Nonostante la generazione di insegnanti giovani e capaci, Accardo evidenzia un problema di fondo nei conservatori italiani: la rigidità del programma di studio che privilegia l’attività teorica a discapito della pratica. Sostiene che per eccellere in uno strumento, è essenziale dedicare diverse ore al giorno alla pratica.
Le accademie musicali italiane, nonostante attraggano studenti stranieri, vedono un ritardo nell’accesso degli italiani alla musica di alto livello. Accardo suggerisce che l’ingresso nei conservatori dovrebbe avvenire in età preadolescenziale, anziché a 19 anni, età in cui un musicista di talento dovrebbe già aver raggiunto traguardi significativi.

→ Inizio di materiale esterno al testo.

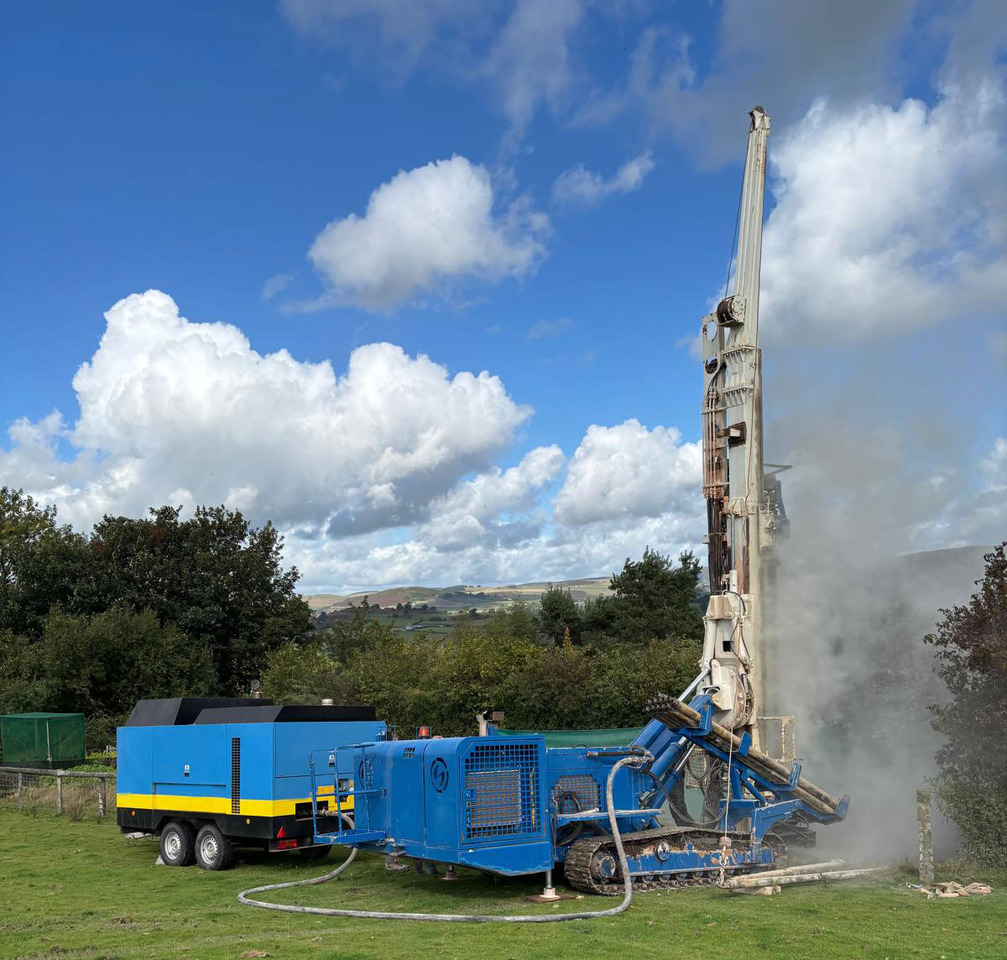 Soilmec SM-14 - Буровая машина: фото 2 Soilmec SM-14 - Буровая машина: фото 2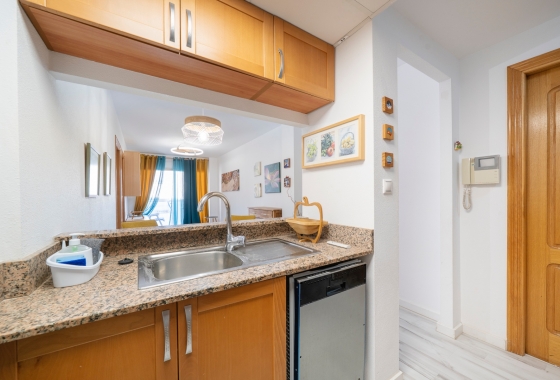 Herverkoop - Appartement / flat - Torrevieja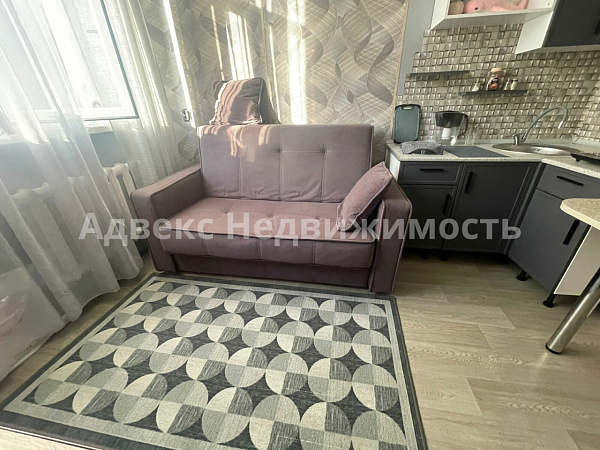 Квартира студия, 16.2 м²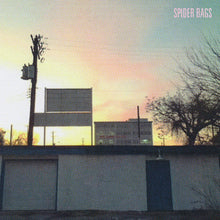 the album cover for Spider Bags - Someday Everything Will Be Fine [LP]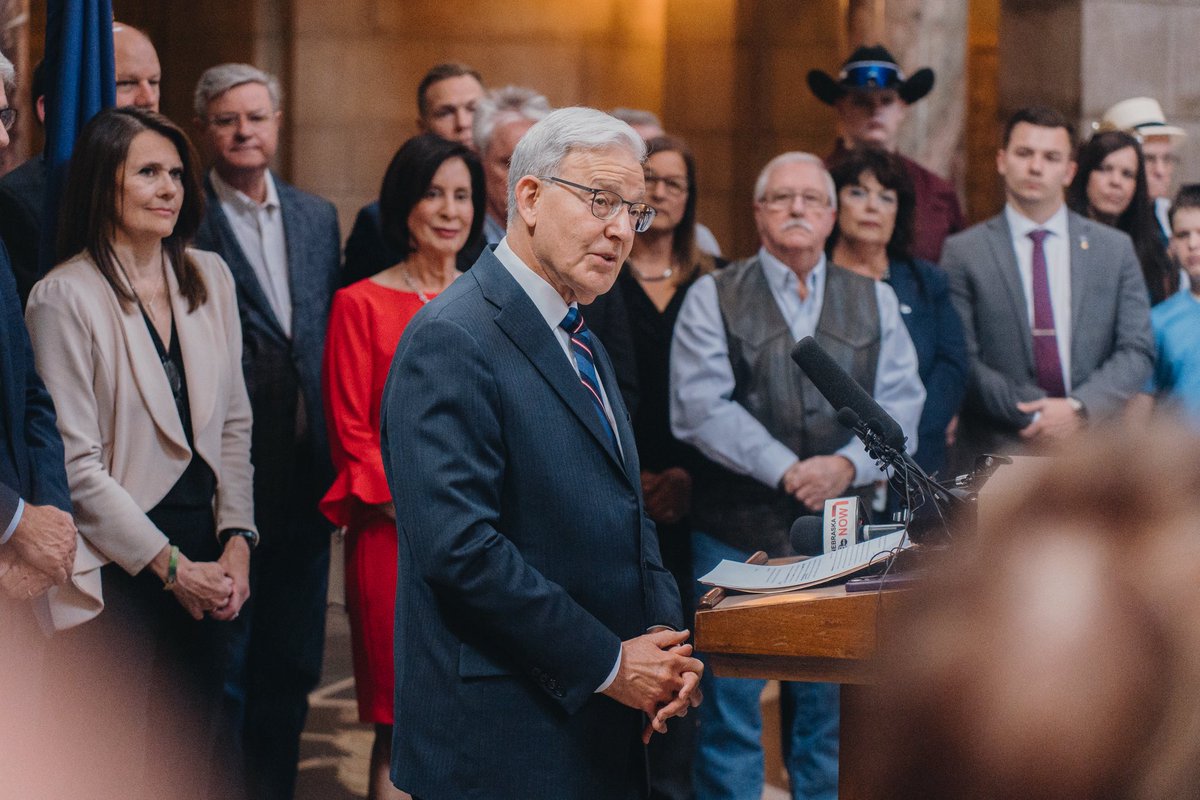 Bob Evnen for Nebraska tweet media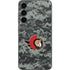 NHL Ottawa Senators Camo Galaxy S23 FE Skin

La Riforma Gelmini del 2008-2010, che prevedeva l’istituzione di licei musicali, non ha raggiunto il successo sperato, attraendo solo lo 0,7% degli studenti delle scuole superiori. Accardo critica la qualità dell’insegnamento medio in questi licei.

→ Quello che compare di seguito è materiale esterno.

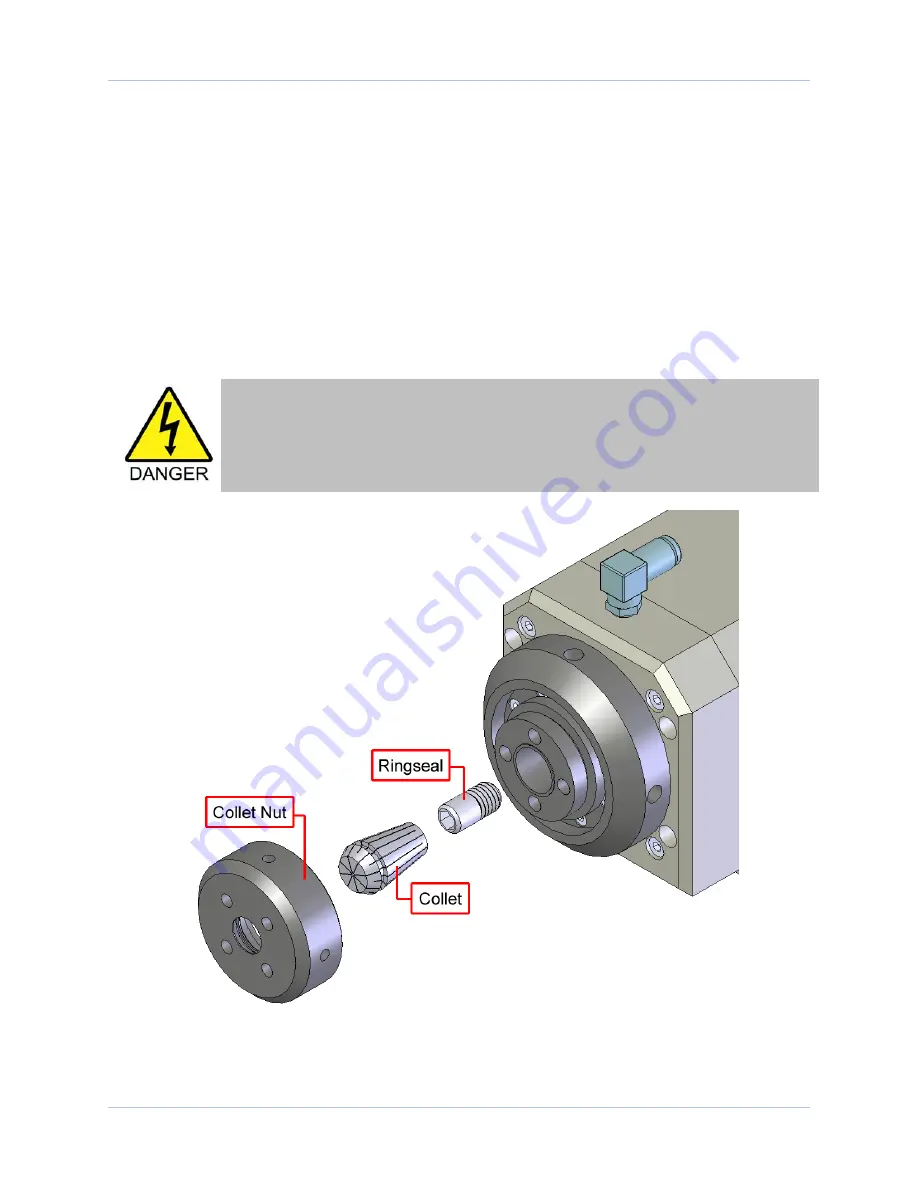 Aerotech ASR1200 User Manual Download Page 31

Confrontando l’Italia con Germania, Austria e paesi anglosassoni, Accardo nota una maggiore consapevolezza e impegno politico nel settore musicale in questi paesi. Sottolinea l’importanza dell’educazione musicale corale e da camera come esercizio di coesione sociale e crescita personale.
Infine, Accardo commenta la situazione del jazz e della musica popolare nelle scuole italiane. Citando Leonard Bernstein, afferma che la musica si divide solo in “bella” e “brutta”, sottolineando l’importanza di una formazione musicale variegata e di qualità.